Re: [PATCH] net: dev_forward_skb(): Scrub packet's per-netns info only when crossing netns

From: Liran Alon
Date: Thu Mar 15 2018 - 11:06:06 EST



----- daniel@xxxxxxxxxxxxx wrote:

> On 03/15/2018 03:35 PM, Roman Mashak wrote:
> > Liran Alon <liran.alon@xxxxxxxxxx> writes:
> > [...]
> >>> Overall I think it might be nice to not need scrubbing skb in
> such
> >>> cases,
> >>> although my concern would be that this has potential to break
> >>> existing
> >>> setups when they would expect mark being zero on other veth peer
> in
> >>> any
> >>> case since it's the behavior for a long time already. The safer
> >>> option
> >>> would be to have some sort of explicit opt-in e.g. on link
> creation to
> >>> let
> >>> the skb->mark pass through unscrubbed. This would definitely be a
> >>> useful
> >>> option e.g. when mark is set in the netns facing veth via
> >>> clsact/egress
> >>> on xmit and when the container is unprivileged anyway.
> >>>
> >>> Thanks,
> >>> Daniel
> >>
> >> I see your point in regards to backwards comparability.
> >> However, not scrubbing skb when it cross netns via some kernel
> functions compared to
> >> others is basically a bug which could easily break with a little
> bit of more refactoring.
> >> Therefore, it seems a bit weird to me to from now on, we will
> force
> >> every user on link creation to consider that once there was a bug
> leading
> >> to this weird behavior on specific netdevs.
>
> Why bug specifically? It could well be that for some unpriv
> containers
> it would be fine to do e.g. in cases where orchestrator sets up
> clsact/
> egress on veth/ipvlan/etc in the container to set the mark and where
> app
> cannot mess with this while for others you need to act out of host
> facing
> veth; thus, explicit opt-in per dev could provide such more fine
> grained
> control.
>
> > One valid use case could be preserving a source namespace nsid in
> > skb->mark when a packet crosses netns.
>
> Right, was thinking about something similar.

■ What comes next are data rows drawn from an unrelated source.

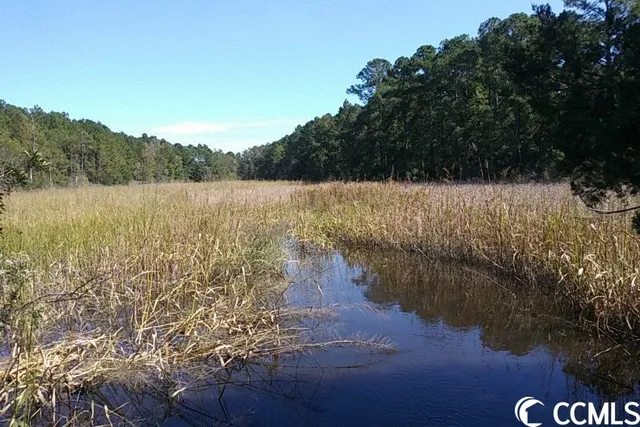 $42,200 | 97 Friendfield Marina Georgetown Sc 29440, Georgetown, SC 29440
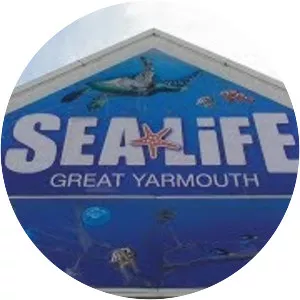 SEA LIFE Great Yarmouth - 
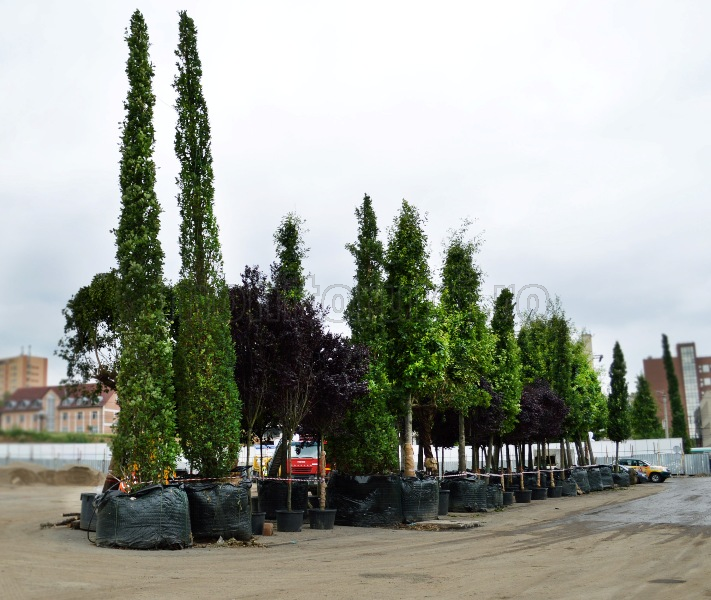 Arbori pentru parcul din Gheorgheni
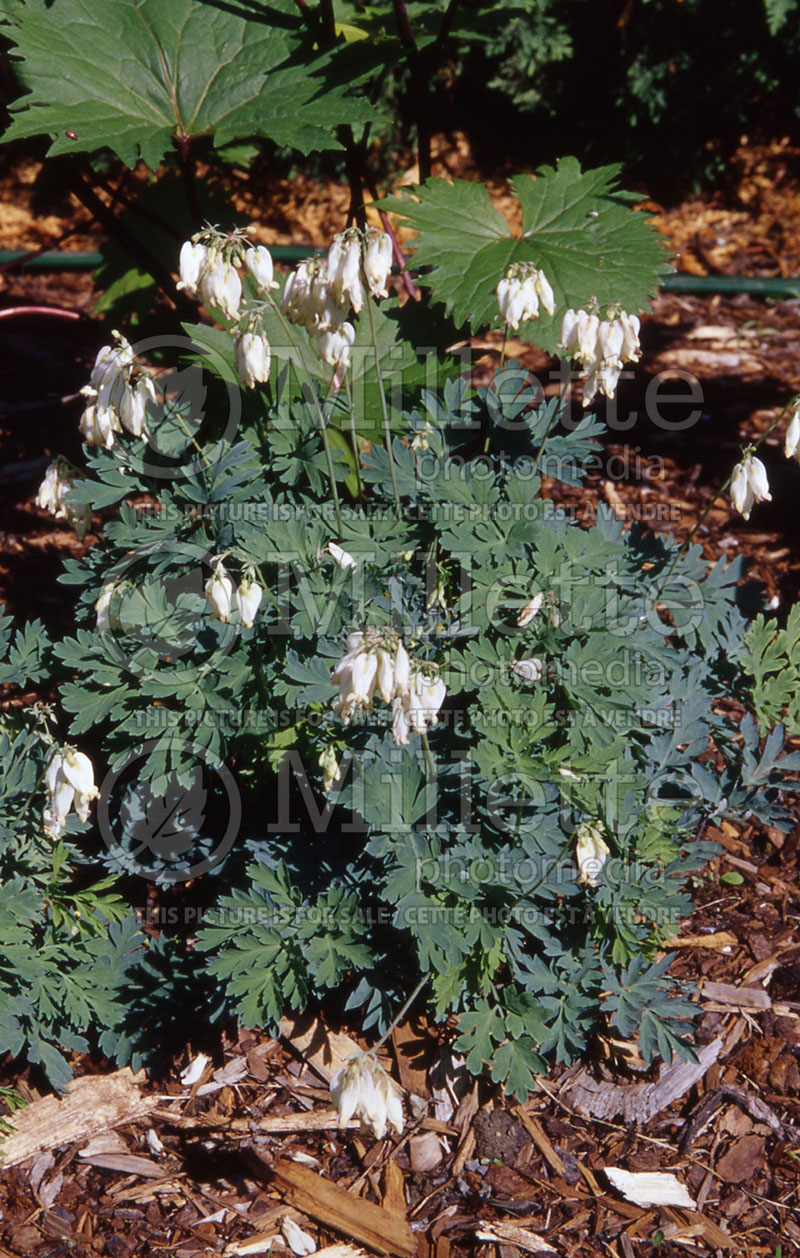 Lamprocapnos aka Dicentra Aurora (Bleeding heart) 1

I agree with all the above but this behavior was not supported both
before and after this commit. skb->mark is always zeroed when crossing netns.
This commit only changes behavior for skb crossing netdevs on *same* netns
via dev_forward_skb().

Therefore, I believe we should discuss here what we want default behavior to be
and how it should be controlled for backwards comparability.
Only after we should discuss about adding an extra feature of controlling skb scrub
per netdev or something similar.